Costs to the appellants in cases no 23 and 25 as follows:

(i) Leave to appeal before the Federal Court at RM75,000.00; and

(ii) Main appeal at the Federal Court at RM750,000.00;

Costs to the appellants in cases no 24 and 26 as follows:

(i) Leave to appeal before the Federal Court at RM75,000.00; and

(ii) Main appeal at the Federal Court at RM250,000.00.

Common order for all appeals as follows:

(i) The order of the Court of Appeal on costs of RM100,000.00 is reversed in favour of the appellants;

(ii) Paragraph (vi) of the order of the Court of Appeal is maintained; and

(iii) The order of the High Court on costs of RM800,000.00 is reinstated in favour of the appellants (dated 25 July 2017).

All costs are subject to payment of allocatur fees.

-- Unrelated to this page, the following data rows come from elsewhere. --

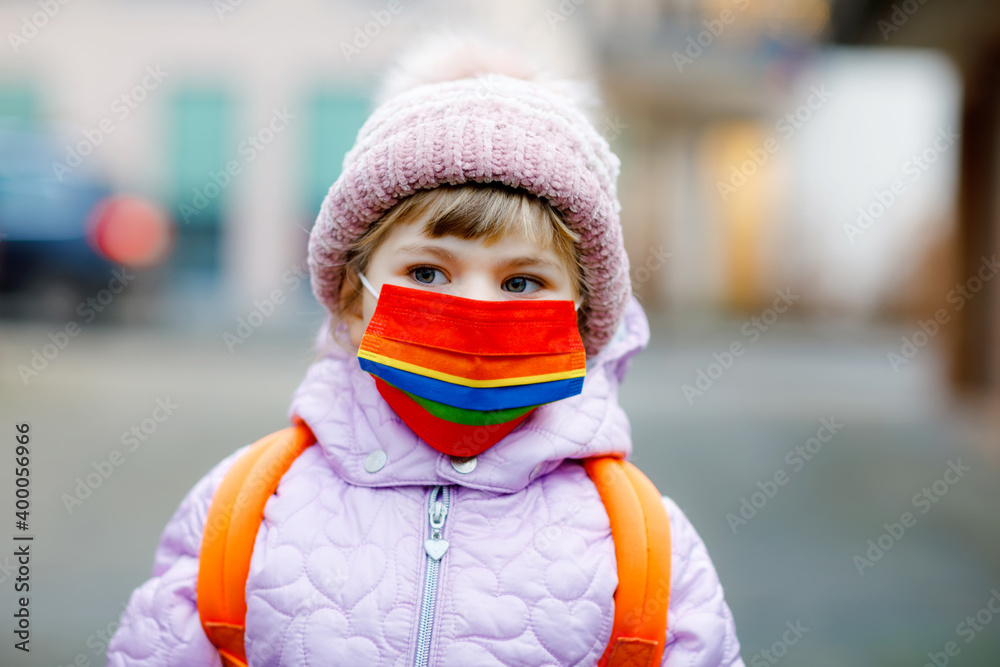 Little kid girl wearing medical mask on the way to kindergarten, playschool or nursery. Child with backpack satchel on cold day with warm clothes. Lockdown and quarantine time during corona pandemic Little kid girl wearing medical mask on the way to kindergarten, playschool or nursery. Child with backpack satchel on cold day with warm clothes. Lockdown and quarantine time during corona pandemic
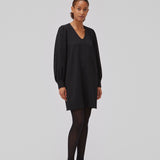 Sort kjole med en løs silhuet i struktureret materiale. GemmiMD dress har lange, voluminøse ballonærmer med manchet og v-udskæring i halsen. Modellen er 175 cm og har en størrelse S/36 på.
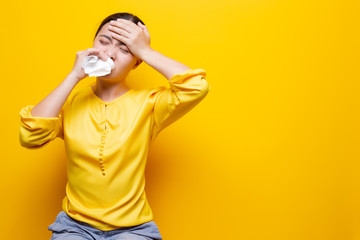 Woman use tissue paper after she sneezing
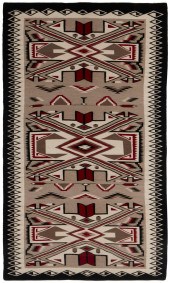 A LARGE FRAMED NAVAJO TEEC NOS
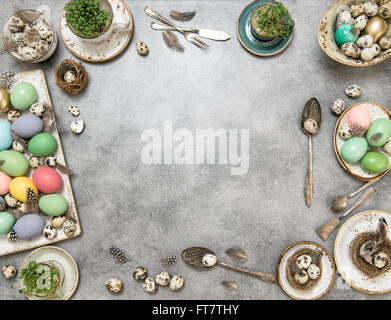 Easter composition with colored eggs and decorations. Top view Stock Photo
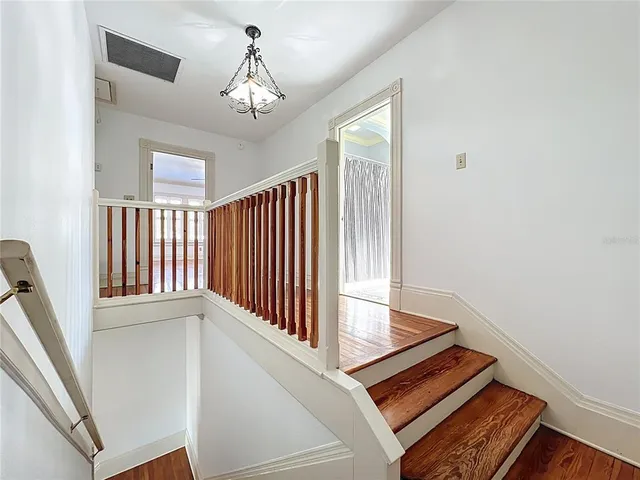 an aerial view of a house with a yard and garden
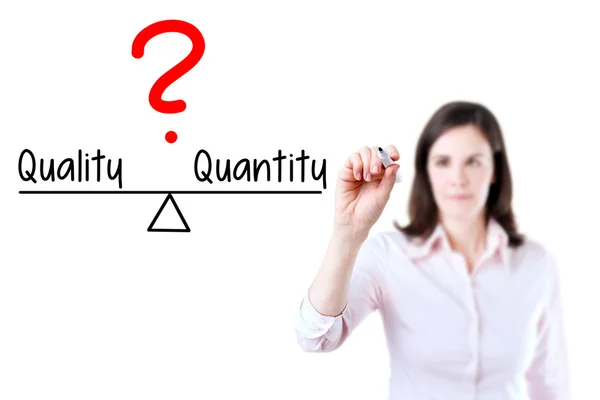 Young business woman writing quality and quantity compare on balance bar. — Stock Photo, Image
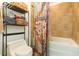 Nicely appointed bathroom features a shower-tub combo and stylish shelving for organization at 101 N 12Th St # 400, Tampa, FL 33602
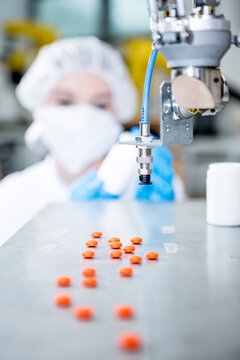 Robot handling tablets with woman in background
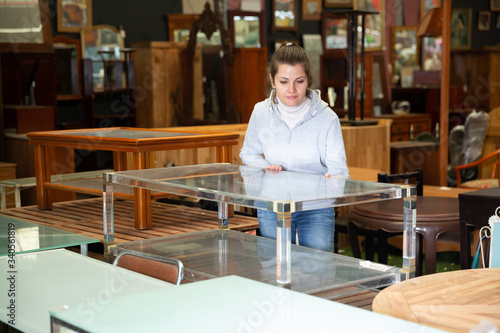 Woman looking for glass coffee table in store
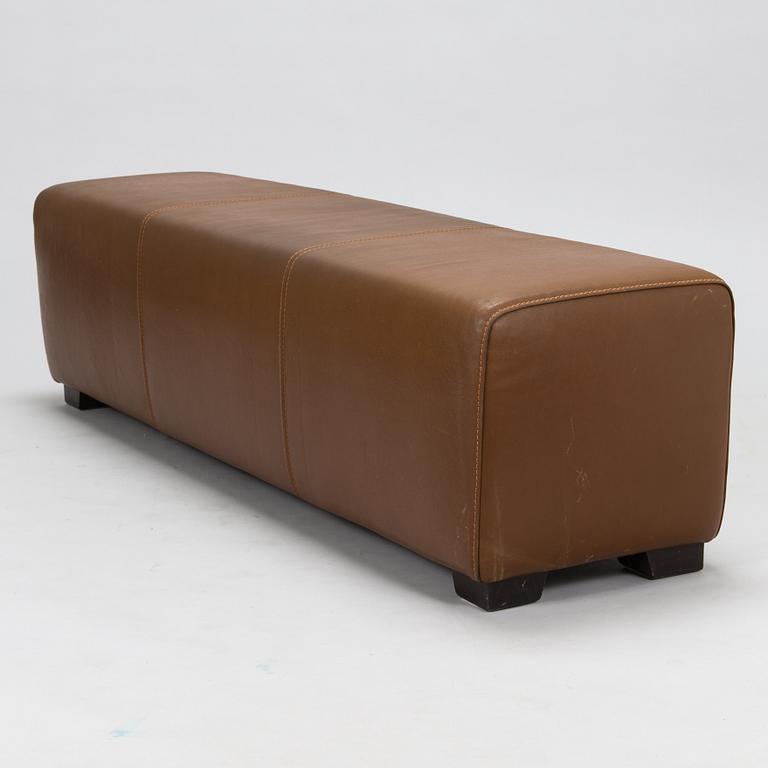 A leather-upholstered bench from Industria Divani e Poltrone, Italy.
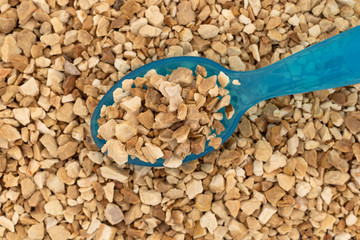 Cut orris root with a spoon close view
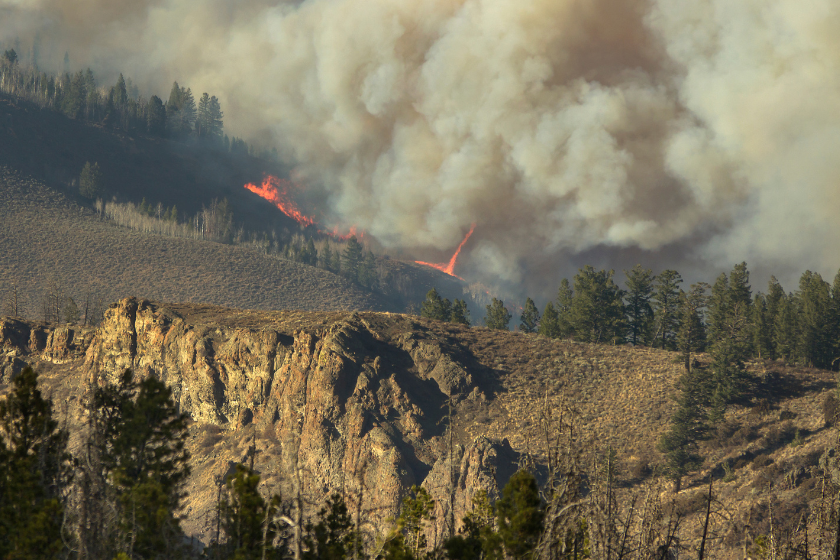 Flames and a fire tornado or fire whirl devour sagebrush and pines in the Arapahoe National Forest and Rocky Mountain National Park in Colorado's second largest wildfire, the East Troublesome Fire burning just outside Hot Sulphur Springs.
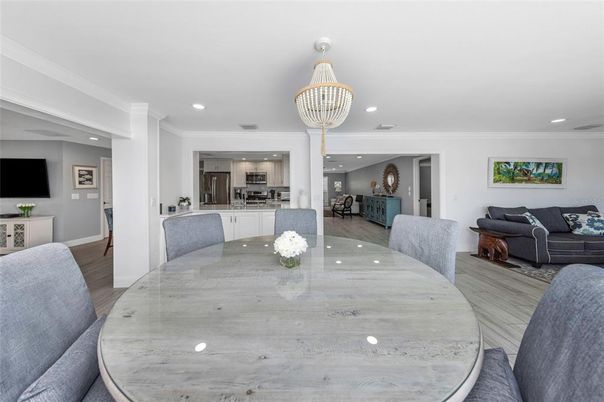 Chandelier, Dining room, Interior, Kitchen, Living room, Pendant Lights, Recessed Lighting, Wood Texture Flooring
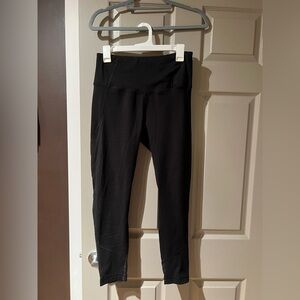 Yogalicious workout pants. Cute mesh calf detail on back. Size L.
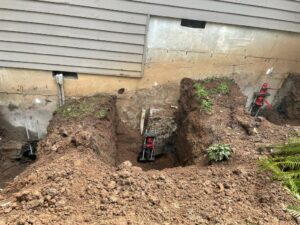 Helical piles foundation repair service basement repairs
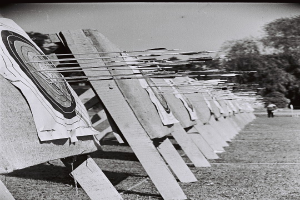 Schwarz-weisses Foto eines Bogenschiess-Ziels mit Pfeilen in der Mitte, umgeben von Bäumen und einer Person im Hintergrund, mit Boden sichtbar unten.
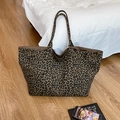 Retro leopard print tote bag with large capacity and soft canvas texture on wooden floor - Brown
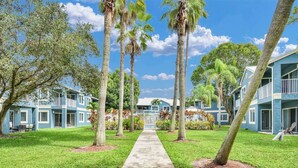 A pathway leading to a row of blue buildings with balconies, surrounded by palm trees and greenery. - 350B - Boca Retreat w/ Pool, Parking, Near Evert Tennis & Shops (Boca Raton)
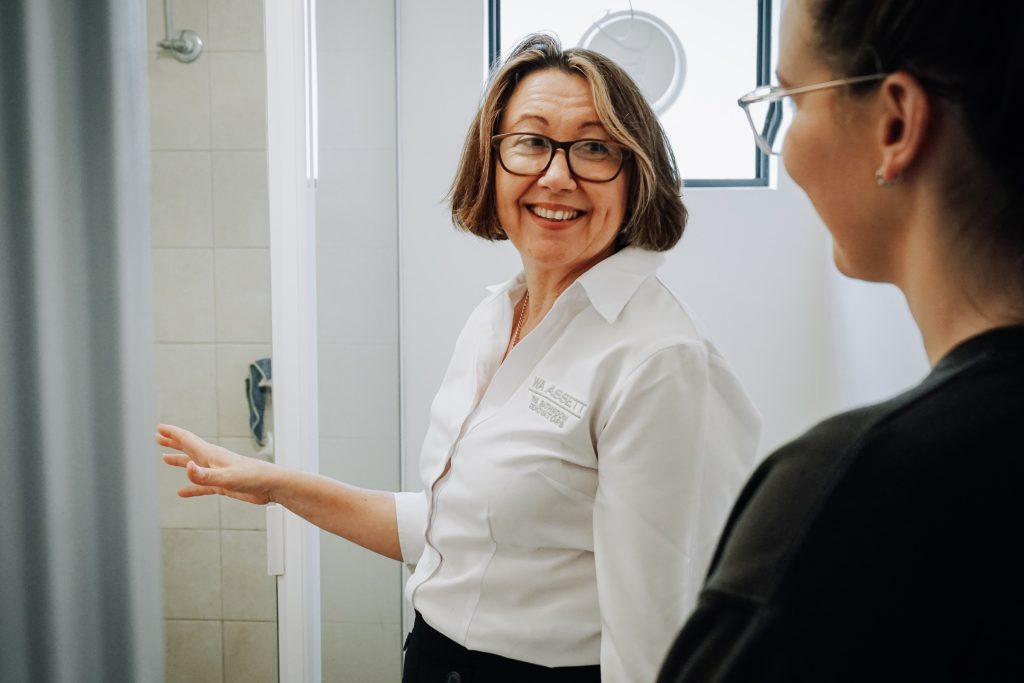 WA Assett team member talking to woman about shower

[156] As regards the consequential order, we allow the prayers as prayed for, with variation, as follows:

(i) In respect of prayers no 1.2 and 1.3, Henry to execute the same within 14 days from today; and

(ii) In respect of prayer no 1.6, the balance purchase price for the shares transfer due from Gary to Henry is deemed paid by setting off the costs of the main appeal in the sum of RM750,000.00 in favour of Gary against Henry.